Sie berührte den Stein, fuhr mit dem Finger die cremefarbene Schrift entlang, folgte den Jahreszahlen.
Als sie spürte, wie sich die erste Träne den Weg über ihre Wange bahnte, erlöste sie sich und ließ ihren Blick hinabgleiten auf das funkelnde Meer, das sich vor ihren Füßen ausbreitete wie ein türkisblauer Teppich.
Èze war ein Traum.
Sein Traum.
Hätte sie früher jemand gefragt, was sie tun würde, wenn jemand ihre Liebsten angreift, dann hätte sie geantwortet: Ich werde denjenigen verfolgen, töten und auf seinem Grab tanzen.
Am Tag nach dem Tod ihres Vaters hatte sie den ganzen Tag damit verbracht, mit dem Priester und dem Bürgermeister von Èze zu sprechen. Gegen die Zahlung je einer fünfstelligen Summe waren beide bereit gewesen, die entsprechenden Dinge kurzfristig in die Wege zu leiten.
Seither hatte sie Nachforschungen angestellt, hatte versucht herauszufinden, wo Carlos Zuffa stecken konnte.
Denn dass er es war, der ihren Vater erschossen hatte, daran gab es keinen Zweifel.
Navarro war es nicht. Das hatte Bolatelli ihr nachdrücklich gesagt. Der Pate hatte dem Bullen seinen Schutz angeboten, wenn er Shokran Al-Hamsi erledigte. Das hatte zwar nicht ganz geklappt, aber immerhin war Silas Matsch.

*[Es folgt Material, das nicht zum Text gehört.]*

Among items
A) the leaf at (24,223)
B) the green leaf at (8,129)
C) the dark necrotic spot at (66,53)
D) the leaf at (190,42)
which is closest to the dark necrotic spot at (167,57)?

Geistiger Matsch zumindest.
Das würde reichen, damit der Pate dafür sorgte, dass Navarro nach Borgo auf Korsika verlegt werden würde. Dort würde er im Gefängnis die nächsten acht Jahre ein sorgenfreies Leben haben. Danach käme er eh frei.
Es blieb Carlos Zuffa.
Als sie bei Navarro stand, hatte sie sein Motorrad gehört, drüben auf dem Hügel im Wald. Er hatte ihren Blick gefunden, ihr zugenickt, dann hatte er sein Gewehr verstaut und war davongerast.
Zuffa.
Der Mann, der in Saint-Tropez dabei gewesen war. An ihrer Seite.
Der einzige Mann neben Xavi und Bolatelli, der sie kannte. Richtig kannte.

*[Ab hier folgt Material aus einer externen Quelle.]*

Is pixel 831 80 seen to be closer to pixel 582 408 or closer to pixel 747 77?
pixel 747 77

Der Weg zu ihm war verbaut, für den Moment.
Er wusste seine Spuren so gut zu verwischen, wie sie es konnte.
Und die Al-Hamsis, die wissen würden, wo er war, waren verschwunden. Shokran pflegte seinen Bruder, an einem geheimen Ort.
Sie würde warten müssen.
Warten bis zu dem Tag, an dem sie Zuffa finden würde.

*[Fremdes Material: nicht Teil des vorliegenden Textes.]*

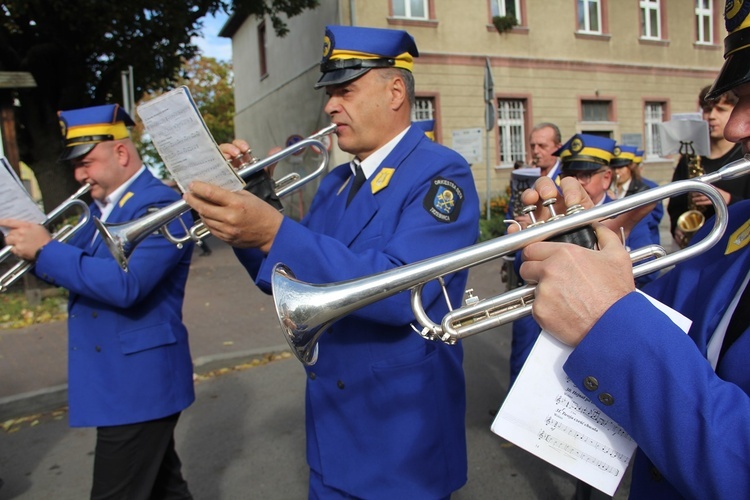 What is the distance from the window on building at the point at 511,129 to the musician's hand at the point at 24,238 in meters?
15.7

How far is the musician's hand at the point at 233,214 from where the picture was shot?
56.1 inches

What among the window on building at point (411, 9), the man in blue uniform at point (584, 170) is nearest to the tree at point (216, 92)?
the window on building at point (411, 9)

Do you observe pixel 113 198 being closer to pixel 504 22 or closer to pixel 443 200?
pixel 443 200

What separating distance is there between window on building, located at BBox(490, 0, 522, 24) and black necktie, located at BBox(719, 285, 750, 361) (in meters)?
17.1

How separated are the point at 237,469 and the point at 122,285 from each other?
2.01 metres

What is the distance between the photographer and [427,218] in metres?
1.75

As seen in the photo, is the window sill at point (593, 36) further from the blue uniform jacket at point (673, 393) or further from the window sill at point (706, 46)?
the blue uniform jacket at point (673, 393)

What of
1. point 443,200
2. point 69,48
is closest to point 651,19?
point 69,48

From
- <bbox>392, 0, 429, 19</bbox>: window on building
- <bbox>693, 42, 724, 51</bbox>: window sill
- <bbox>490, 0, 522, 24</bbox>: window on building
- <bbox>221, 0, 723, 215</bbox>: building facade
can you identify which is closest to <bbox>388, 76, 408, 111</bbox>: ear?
<bbox>221, 0, 723, 215</bbox>: building facade

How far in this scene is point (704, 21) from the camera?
20578mm

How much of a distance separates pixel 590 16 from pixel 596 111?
9.53 ft

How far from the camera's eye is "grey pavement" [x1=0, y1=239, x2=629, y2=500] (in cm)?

Sein Grab würde nicht hier oben sein, an diesem herrlichen Ort.
Den Tag der Beisetzung hatte sie in Ventimiglia verbracht, in der Wohnung von Gianluca, in seinem Bett, in seinen Armen. Sie hatte ihre Mutter nicht sehen wollen.
Und Zara. Zara.
Sie staunte, wie wenig Hass sie empfand.
Zara hatte an einem Tag alles verloren:
Ihren Vater.
Er lag nun hier an diesem friedlichen Ort. In der alten Erde von Èze, umgeben vom botanischen Garten mit seinen Sukkulenten, der stattlichen Kirche, dem alten Dorfkern, dort unten die Corniche, das Cap Ferrat, Villefranche leuchtete in der Ferne.
Ihre Mutter.
Sie hatte Zoë angerufen. Darum gebeten, hierbleiben zu dürfen. Das Restaurant zu übernehmen. Zoë hatte sofort eingewilligt. Sie wollte ihrer Schwester ihre Maman wieder entreißen. So war es ein Leichtes. Sie hatte eine Bedingung gestellt: Das Restaurant würde nur Chez Zoë heißen. Maman hatte sofort Ja gesagt.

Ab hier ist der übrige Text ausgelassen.